# Resolverleitung (Zwischen-) Stecken?



## olitheis (29 November 2010)

Hallo, ich bin leider gezwungen, die Resolverleitung eines Servoantriebs steckbar auszulegen. D.h., ein Anlagenteil kann bei Bedarf komplett demontiert werden. Wir setzen als Steckverbinder hauptsächlich Harting ein. Zum Stecken der Leistung (inkl. Bremse und Temp.) habe ich mich für diesen entschieden:
HAN K 4/8-STI-S
(4 Leistungskontakte+8 Steuerkontakte)
Jetzt fehlt mir nur noch ein geeigneter Steckverbinder (möglichst auch Harting) für die Resolverleitung.
Oder würdet ihr sagen, ein Standard Han E (10p+PE) würde völlig ausreichen? 
Vielen Dank
Oli


----------



## uflo (2 Dezember 2010)

Hallo Oli,

Du solltest für die resolverleitung Rundsteckberbinder ( Stecker und Buchse ) verwenden.
Die haben den Vorteil, dass der Schirm beim Zusammenschrauben des Steckers / Kupplung auf das Außengehäuse geklemmt werden.
Schaue mal hier als Beispiel von Lapp Kabel. ( Gibt es auch von Amphenol usw. )
http://www.conrad.de/ce/de/overview/6140120/Industriesteckverbinder-EPIC-CIRCON-LappKabel

Ich weiß, dass solche Art von Steckverbindern bei Meßsystemen und Drehgebern z.B. Heidenhain, Euchner, Hengstler in Werkzeugmaschinen eingestzt werden. TTL-Pegel.
Hab ich selber auch schon gemacht, auch bei Gebern von Servos. ( Bosch, Siemens ).

Viel Erfolg
Gruß
Udo


----------



## olitheis (3 Dezember 2010)

Hallo uflo,
danke für Deinen Beitrag, aber leider funktioniert der Link nicht.
Gruß
Oli


----------



## uflo (3 Dezember 2010)

olitheis schrieb:


> Hallo uflo,
> danke für Deinen Beitrag, aber leider funktioniert der Link nicht.
> Gruß
> Oli


 Der link ist zuwww.Conrad-electronic.de
Da unter Bauelemente, Steckverbinder, Industriesteckverbinder mal suchen.
Oder aber auch bei www.rs-online.de. Da habe ich auch schon solche Rundsteckverbinder bestellt.
Die Steckverbinder gibt es verschieden-polig. 
Die sind auch IP65.

Gruß
Udo


----------



## uflo (4 Dezember 2010)

uflo schrieb:


> Der link ist zuwww.Conrad-electronic.de
> Da unter Bauelemente, Steckverbinder, Industriesteckverbinder mal suchen.
> Oder aber auch bei www.rs-online.de. Da habe ich auch schon solche Rundsteckverbinder bestellt.
> Die Steckverbinder gibt es verschieden-polig.
> ...


_*Sorry, www.rsonline.de*_


----------



## uflo (4 Dezember 2010)

Der link ist zuwww.Conrad-electronic.de
Hier unter best.-Nr. 603950-62 und 603947-62
12pol. Stecker und Kupplung IP68


----------



## olitheis (6 Dezember 2010)

Hallo uflo,
danke noch mal für den Link.
Aber ich habe mich für eine Lösung von Harting entschieden:
Han Modular mit 9 pol. D-Sub Einsatz und EMV Gehäuse.
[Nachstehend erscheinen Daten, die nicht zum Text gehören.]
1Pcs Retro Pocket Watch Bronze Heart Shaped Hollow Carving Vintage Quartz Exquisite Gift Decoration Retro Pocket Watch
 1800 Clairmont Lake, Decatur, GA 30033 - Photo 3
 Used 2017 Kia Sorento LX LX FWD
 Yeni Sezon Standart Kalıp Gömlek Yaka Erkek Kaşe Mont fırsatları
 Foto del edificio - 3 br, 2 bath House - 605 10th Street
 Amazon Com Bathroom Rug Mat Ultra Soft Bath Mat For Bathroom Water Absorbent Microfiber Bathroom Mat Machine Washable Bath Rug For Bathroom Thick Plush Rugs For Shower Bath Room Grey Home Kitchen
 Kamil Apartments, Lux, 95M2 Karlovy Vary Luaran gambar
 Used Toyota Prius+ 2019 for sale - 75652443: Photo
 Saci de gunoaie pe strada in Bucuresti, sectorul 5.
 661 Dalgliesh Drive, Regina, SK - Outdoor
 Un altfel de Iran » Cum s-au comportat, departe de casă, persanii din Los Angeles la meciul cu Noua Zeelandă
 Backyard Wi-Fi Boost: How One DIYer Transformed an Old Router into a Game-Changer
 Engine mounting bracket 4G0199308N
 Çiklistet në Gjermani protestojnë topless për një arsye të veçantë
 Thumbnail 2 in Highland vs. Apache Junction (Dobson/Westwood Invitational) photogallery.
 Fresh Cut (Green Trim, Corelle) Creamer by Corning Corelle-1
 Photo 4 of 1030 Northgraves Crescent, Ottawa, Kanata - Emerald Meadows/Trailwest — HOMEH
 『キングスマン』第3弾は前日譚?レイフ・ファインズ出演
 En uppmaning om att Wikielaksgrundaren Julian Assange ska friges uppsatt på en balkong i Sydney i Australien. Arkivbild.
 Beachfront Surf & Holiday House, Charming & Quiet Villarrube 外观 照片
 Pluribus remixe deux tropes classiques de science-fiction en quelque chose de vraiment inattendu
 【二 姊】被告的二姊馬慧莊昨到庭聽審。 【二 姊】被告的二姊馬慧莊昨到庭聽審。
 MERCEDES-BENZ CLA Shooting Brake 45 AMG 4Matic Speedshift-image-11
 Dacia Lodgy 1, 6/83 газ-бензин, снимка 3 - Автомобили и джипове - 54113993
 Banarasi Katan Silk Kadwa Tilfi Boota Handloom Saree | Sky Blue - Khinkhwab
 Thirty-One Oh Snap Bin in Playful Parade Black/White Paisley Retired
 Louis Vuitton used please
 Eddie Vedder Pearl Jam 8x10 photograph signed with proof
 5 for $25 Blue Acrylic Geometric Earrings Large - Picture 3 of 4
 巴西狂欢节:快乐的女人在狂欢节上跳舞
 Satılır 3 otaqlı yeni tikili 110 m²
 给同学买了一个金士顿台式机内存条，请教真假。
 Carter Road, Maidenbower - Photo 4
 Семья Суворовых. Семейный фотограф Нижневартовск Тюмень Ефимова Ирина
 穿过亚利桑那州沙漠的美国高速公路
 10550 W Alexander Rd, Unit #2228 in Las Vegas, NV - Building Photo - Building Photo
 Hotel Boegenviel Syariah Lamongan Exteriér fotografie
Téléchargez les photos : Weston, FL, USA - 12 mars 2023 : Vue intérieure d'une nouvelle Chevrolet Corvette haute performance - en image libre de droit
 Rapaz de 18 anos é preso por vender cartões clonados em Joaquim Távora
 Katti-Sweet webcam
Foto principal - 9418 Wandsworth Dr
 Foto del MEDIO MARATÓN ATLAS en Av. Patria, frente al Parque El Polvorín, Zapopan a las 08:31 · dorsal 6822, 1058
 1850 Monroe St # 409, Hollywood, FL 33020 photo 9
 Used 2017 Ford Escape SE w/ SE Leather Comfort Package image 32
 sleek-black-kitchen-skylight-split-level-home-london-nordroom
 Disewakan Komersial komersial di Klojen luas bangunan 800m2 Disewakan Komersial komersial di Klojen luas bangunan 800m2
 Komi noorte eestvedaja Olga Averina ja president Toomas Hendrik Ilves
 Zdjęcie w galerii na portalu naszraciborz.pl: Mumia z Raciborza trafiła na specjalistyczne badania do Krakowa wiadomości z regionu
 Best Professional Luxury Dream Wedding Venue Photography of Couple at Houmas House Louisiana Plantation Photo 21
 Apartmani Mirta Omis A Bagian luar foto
Adaptermodul, Stifteinsatz, für 1 Kabel - 09 14 000 9930, 
Adaptermodul, Buchseneinsatz, für 1 Kabel - 09 14 000 9931,
Gelenkrahmen für 2 Module, Bedruckung A…B - 09 14 006 0303,
Gelenkrahmen für 2 Module, Bedruckung a…b - 09 14 006 0313,
EMV/B Sockelgehäuse, Baugr. 6B, seitlich 2xM20 - 19 62 806 1290,
EMV/B Tüllengehäuse, Baugr. 6B, seitlich 1xM20 - 19 62 806 1540

Zusätzlich habe ich noch einen 2pol. Einsatz, zum Überprüfen, ob der 
Stecker gesteckt wurde (Brücke auf einer Seite).

Danke
Oli


----------